Yaa, itu kan cuman 1 atau 2.
Betul, tapi bukan berarti tak mungkin, toh?
Jadi, jika dulu anak-anak pintar itu ngumpulnya di sekolah A dan B (sementara sekolah C sampe R itu sekolah swasta gurem), maka sekarang mereka tersebar di sekolah A sampai R. Setiap sekolah punya kojo sekarang mah. Pinternya nanti sama. Semua senang, semua bahagia, horeee.
"Tapi kan anak saya udah capek-capek belajar, biar skornya tinggi, mana udah bimbel pulak!"
Saya turut prihatin mendengarnya. Biaya les dan bimbel tentu tak murah. Namun perlu Bapak Ibu ingat, jika motivasi belajar anak hanya untuk mengejar sekolah favorit, err ... ada yang agak keliru di sini.

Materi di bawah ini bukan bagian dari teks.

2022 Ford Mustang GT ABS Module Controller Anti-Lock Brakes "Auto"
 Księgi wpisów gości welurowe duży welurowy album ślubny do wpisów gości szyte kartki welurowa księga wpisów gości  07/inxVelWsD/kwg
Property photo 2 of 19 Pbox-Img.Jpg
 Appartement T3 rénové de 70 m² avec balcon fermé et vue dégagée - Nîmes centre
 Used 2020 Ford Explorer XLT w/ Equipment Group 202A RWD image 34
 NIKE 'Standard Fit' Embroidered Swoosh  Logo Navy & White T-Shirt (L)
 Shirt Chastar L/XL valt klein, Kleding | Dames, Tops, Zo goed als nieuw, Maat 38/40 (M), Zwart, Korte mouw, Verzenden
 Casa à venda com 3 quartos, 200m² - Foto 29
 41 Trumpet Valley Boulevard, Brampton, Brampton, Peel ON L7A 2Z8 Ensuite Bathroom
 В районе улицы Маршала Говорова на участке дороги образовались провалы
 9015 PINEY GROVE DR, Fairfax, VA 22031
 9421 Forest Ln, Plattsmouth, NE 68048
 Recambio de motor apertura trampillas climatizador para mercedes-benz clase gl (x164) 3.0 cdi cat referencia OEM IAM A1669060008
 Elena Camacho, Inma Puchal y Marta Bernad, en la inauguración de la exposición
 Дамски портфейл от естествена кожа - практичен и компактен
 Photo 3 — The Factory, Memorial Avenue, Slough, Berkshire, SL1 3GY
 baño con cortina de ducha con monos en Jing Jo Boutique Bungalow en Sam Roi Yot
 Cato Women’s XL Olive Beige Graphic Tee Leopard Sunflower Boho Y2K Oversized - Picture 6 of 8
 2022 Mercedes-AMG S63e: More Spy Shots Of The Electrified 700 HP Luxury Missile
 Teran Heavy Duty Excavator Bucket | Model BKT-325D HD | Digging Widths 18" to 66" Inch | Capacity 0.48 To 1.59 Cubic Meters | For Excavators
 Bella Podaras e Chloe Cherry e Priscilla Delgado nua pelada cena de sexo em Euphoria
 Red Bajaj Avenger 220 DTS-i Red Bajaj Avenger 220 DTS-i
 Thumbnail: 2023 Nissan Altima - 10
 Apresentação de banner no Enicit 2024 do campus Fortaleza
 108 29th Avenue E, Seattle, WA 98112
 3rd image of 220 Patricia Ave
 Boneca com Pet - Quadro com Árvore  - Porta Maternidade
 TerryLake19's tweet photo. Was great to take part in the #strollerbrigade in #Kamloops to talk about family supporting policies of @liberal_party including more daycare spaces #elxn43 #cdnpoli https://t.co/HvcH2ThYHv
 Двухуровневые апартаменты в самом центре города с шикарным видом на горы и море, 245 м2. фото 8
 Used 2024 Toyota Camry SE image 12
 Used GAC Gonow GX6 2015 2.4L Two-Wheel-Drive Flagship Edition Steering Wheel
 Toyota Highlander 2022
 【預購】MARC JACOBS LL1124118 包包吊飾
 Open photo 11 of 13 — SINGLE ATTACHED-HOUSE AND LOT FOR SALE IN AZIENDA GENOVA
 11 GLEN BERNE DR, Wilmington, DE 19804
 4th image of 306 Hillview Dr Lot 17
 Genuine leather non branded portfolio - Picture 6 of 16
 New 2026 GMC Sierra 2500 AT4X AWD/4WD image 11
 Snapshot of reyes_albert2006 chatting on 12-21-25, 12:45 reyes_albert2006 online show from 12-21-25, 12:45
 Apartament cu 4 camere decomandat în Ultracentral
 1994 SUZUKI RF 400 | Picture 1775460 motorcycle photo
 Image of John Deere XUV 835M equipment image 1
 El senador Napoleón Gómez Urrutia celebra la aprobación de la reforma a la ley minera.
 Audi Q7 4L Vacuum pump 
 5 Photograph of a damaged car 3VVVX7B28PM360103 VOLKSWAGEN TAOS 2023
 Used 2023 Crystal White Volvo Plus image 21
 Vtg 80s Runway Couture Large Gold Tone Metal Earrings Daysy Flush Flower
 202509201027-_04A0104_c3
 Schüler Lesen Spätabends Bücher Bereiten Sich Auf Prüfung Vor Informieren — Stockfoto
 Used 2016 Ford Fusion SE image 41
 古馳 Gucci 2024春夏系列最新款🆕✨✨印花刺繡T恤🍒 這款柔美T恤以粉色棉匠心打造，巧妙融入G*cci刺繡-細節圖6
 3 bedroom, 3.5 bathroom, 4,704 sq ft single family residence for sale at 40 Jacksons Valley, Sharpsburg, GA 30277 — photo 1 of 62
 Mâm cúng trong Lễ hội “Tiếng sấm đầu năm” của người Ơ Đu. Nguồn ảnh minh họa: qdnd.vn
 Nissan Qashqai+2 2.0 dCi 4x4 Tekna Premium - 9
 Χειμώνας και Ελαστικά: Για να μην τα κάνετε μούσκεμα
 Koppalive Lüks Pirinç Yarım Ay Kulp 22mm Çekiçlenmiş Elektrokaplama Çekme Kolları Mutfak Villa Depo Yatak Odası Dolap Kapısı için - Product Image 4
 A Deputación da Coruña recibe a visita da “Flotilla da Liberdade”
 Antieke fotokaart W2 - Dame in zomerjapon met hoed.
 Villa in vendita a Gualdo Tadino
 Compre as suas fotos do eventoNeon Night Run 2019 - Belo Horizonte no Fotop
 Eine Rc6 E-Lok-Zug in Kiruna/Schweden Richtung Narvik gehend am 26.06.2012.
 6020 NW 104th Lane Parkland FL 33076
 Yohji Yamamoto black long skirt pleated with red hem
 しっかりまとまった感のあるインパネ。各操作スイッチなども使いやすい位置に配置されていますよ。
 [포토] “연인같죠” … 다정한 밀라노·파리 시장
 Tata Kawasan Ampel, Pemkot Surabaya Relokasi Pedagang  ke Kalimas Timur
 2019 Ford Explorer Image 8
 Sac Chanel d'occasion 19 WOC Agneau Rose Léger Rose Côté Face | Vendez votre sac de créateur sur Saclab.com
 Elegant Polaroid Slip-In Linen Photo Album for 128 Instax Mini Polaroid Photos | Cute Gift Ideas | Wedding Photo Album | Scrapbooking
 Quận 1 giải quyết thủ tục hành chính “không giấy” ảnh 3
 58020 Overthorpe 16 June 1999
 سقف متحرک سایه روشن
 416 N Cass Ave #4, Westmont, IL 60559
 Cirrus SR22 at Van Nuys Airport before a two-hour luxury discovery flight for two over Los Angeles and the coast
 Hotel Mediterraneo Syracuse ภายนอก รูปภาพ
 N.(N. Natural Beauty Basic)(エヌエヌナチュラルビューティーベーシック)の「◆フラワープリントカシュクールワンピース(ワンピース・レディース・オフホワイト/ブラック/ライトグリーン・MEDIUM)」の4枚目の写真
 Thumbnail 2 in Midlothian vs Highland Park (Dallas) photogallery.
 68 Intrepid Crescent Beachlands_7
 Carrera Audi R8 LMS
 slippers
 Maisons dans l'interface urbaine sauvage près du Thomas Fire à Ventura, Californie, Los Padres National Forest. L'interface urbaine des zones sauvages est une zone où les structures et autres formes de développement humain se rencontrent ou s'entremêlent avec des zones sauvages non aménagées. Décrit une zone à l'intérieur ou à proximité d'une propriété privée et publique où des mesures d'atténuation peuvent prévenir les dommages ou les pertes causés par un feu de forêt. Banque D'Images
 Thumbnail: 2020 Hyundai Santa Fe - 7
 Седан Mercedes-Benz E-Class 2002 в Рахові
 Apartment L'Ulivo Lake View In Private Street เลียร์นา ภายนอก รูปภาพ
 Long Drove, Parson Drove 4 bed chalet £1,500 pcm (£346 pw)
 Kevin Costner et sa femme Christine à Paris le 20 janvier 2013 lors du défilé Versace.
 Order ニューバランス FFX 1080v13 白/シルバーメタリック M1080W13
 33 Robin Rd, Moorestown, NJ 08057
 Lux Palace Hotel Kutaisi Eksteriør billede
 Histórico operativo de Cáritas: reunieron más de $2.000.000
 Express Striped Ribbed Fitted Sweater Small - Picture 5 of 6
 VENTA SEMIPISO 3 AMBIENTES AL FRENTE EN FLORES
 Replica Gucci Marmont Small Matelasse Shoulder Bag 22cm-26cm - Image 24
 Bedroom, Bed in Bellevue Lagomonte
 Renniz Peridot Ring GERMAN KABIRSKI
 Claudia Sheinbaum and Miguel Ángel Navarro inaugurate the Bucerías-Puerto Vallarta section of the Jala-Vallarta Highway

Jadi, kalo ga kepengen ke sekolah favorit mah, belajarnya biasa aja gitu? Gapapa males-malesan juga?
#DisambitOrangtua
Memang susah untuk mengubah mindset bahwa belajar itu untuk mengerti, untuk mendapat ilmu, bukan untuk mendapat skor tinggi, kemudian diterima di sekolah favorit. Wajar untuk merasa kasihan sama anak, namun sangat wajar juga untuk memberi pengertian pada anak, bahwa ada perubahan sistem, dan perubahan ini bagus karena nantinya akan ada pemerataan pendidikan bagi seluruh rakyat Indonesia.
Mungkin anakmu hari ini kecewa, Anda pun kecewa. Namun pikirkan 5 tahun atau 10 tahun lagi, ketika semua anak mendapat akses pendidikan yang sama, diajar oleh guru-guru dengan standar serupa, bisa mengikuti ekstrakurikuler yang setara.
"Ah sok tau, yang ngomong pasti ga punya anak!"